A sociogram is a graphic representation of the relationships between
persons, organisations, homepages etc., with the view to determine personal
social networks, position of power, views and beliefs and other personal
information.
The actual message is less important than the information about the sender,
recipient, the time of transaction, and means of communication. If the
personal sociogram is known, it is possible to establish the person’s
contact relationships, which is often all that is needed.
Two questions have been left unanswered by the FRA-law debate. The first
question is: How will FRA be able to access information when an increasing
number of users choose to encrypt their messages? This is especially
relevant, as there has been a tendency for encryption techniques to develop
at a faster rate than decryption techniques. FRA has stated that this should
not pose an insurmountable problem, since the message content need not be
examined in order to determine whether a given communication is worth
further examination.
The second question is: What will happen to all this incoming electronic
traffic once it has been re-routed and fed into the FRA agency? The answer
is that it will be examined and analysed by means of social network analysis
techniques such as, for example, sociographic representations.
Different individuals can be linked to different sociograms: we have
different everyday experiences, social relations, interests, views and
beliefs, all of which is reflected in our electronic communication contacts.
Sociograms have applications in a plethora of areas.
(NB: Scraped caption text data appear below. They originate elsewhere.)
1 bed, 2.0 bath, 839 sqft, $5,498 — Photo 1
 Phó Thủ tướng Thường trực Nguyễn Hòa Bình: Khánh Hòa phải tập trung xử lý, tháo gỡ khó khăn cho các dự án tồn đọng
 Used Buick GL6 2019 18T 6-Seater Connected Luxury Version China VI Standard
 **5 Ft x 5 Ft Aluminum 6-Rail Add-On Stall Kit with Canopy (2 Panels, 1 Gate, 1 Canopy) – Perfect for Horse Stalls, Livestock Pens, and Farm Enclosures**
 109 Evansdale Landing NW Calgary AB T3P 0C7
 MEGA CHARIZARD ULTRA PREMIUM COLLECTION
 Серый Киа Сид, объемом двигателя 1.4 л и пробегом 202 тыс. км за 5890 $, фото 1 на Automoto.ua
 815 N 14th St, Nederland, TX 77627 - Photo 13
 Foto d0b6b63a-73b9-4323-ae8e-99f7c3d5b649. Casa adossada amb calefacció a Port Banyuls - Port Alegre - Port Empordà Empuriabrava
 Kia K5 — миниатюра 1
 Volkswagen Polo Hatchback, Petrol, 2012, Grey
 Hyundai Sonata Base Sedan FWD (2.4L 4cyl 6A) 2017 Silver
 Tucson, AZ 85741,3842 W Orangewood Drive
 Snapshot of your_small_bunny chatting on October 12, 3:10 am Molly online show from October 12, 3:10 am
With the help of a
powerful computer and appropriate analytical tools we might thus be able to
build up a profile of and identify a typical benefit scrounger, a refugee in
hiding, a data hacker, a homosexual couple, or a political activist, to give
just a few examples. If we also monitor cross-border traffic we will be able
to – at least theoretically – build sociograms identifying currency
speculators, or foreign political and military leaders. The objectives of
the FRA law scheme in which surveillance of the civilian population can take
place comport well with this type of analysis.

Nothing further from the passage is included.